Natürlich ist dies nicht im Sinne der Erika, denn Befruchtung findet so nicht statt. Doch einige Insekten wählen auch den »offiziellen« Weg und sorgen für Nachkommen, zur Freude der Züchter und der Gartenbesitzer. Meist arbeiten mehrere Züchter an neuen Linien von Erica gracilis, die das bisherige Sortiment bereichern werden. So hat zum Beispiel Hans-Peter Holz den altbewährten Herbstblühern mit seinen »Beauty Queens« ein völlig neues Gesicht gegeben.
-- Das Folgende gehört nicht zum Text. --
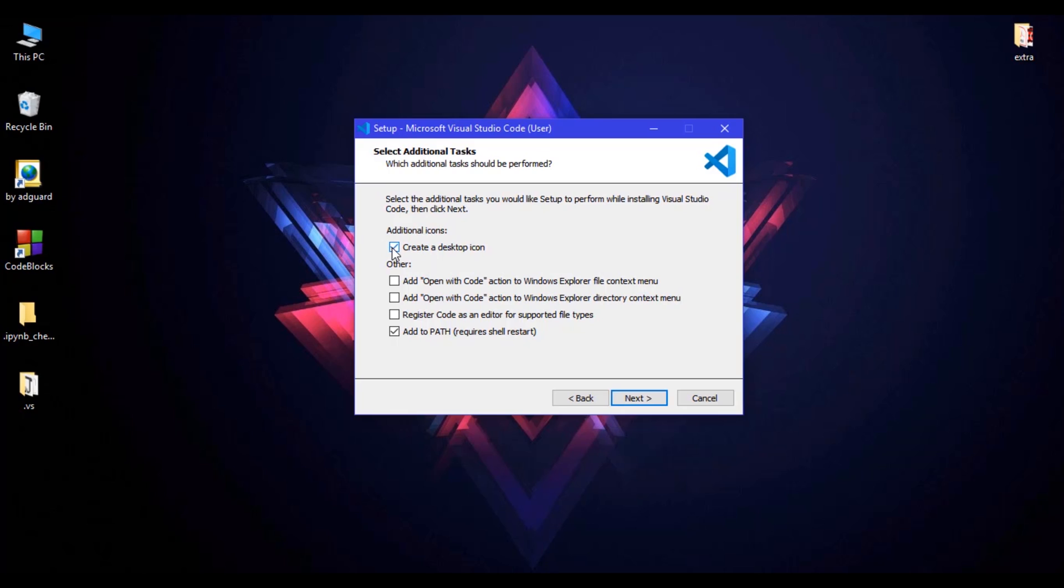Or if you don't want to create a desktop icon for VS Code, you can uncheck this. I am just checking this and here are other additional things. So I'll just check all of this and click on next.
Kerzenförmig recken sich die dicht mit Blüten besetzten Triebe empor. Zum gewohnten Purpur oder Weiß gesellen sich zartes und kräftiges Rosa, Lachs sowie helles und dunkles Rot. Warum sie »Beauty Queens« heißen? Natürlich aufgrund ihrer Schönheit und weil sie alle königliche Namen tragen:' Fabiola, Sylvia, Elizabeth, Beatrix, Sissi, Paola, Sofie, Letizia, Juliana, Sirikit, Margrete.